Por Filipe Chamy
A princípio, No coração da montanha é um filme igual a tantos outros de Herzog: trata-se do clássico embate homem versus natureza, com as adequadas discussões sobre a megalomania mundana e a perenidade das forças naturais.
Ocorre que essa leitura se verifica além da superficialidade — de fato, o filme possui esse mote.
Claro que isso não é tudo: caso Herzog fosse um cineasta acomodado, limitar-se-ia a uma zona de conforto e não procuraria sair nunca dali, sem qualquer razão que desmotivasse sua inércia.

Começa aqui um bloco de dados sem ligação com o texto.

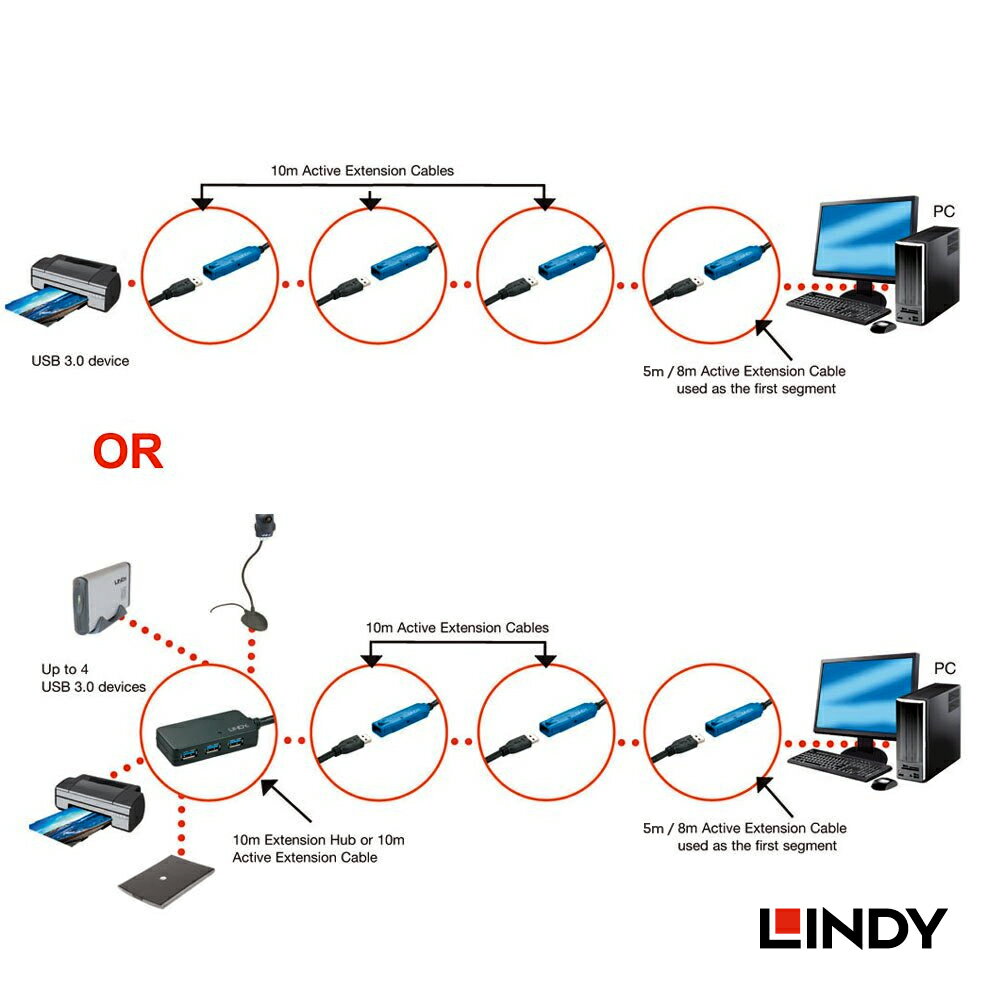 USB3.0 アクティブ延長ケーブル 30m (Type-A オス/メス)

Neste No coração da montanha Herzog acaba se voltando mais para um comentário social do que para um simples relato de viagem. Claro, ela está lá; e da maneira predileta do diretor, numa terra distante e de desafios intrínsecos. Há neve, há montanhas, há a imensidão geográfica. Mas há, além disso, a crônica intrusiva contemporânea, a televisão e o registro incessante dos passos fúteis das pessoas. Uma pitada de realidade numa fábula de superação, de desafio. Qual pico é mais inacessível, o de um monte gelado e de altura assombrosa ou o do sucesso pessoal respaldado pela imprensa? Como Herzog prova a todo instante (pelos dramas encenados por suas personagens), não basta estar num lugar, é preciso registrar (e portanto documentar) essa atividade. Daí o momento-chave em que uma elipse insinua a dúvida sobre um feito alegado mas nunca realmente esclarecido.
Resgatando sempre a cada obra a admirabilíssima habilidade de forçar o espectador a partilhar os sentidos e dores das pessoas que segue (inclusive em seu cinema de documentário), Herzog abrasa o gelo com intensidade precisa e demonstra sensatez ao não se deixar perturbar pela tentação de virar um “paisagista”, mostrando o oco de um cenário sem alma, árido por constituição; não, aqui se trabalha o palco de um drama em que as figuras humanas não se deixam ofuscar pela grandeza das proporções do ambiente com que se relacionam — e com isso o filme fica forte como o imponente Cerro Torre, mas infinitamente menos frio.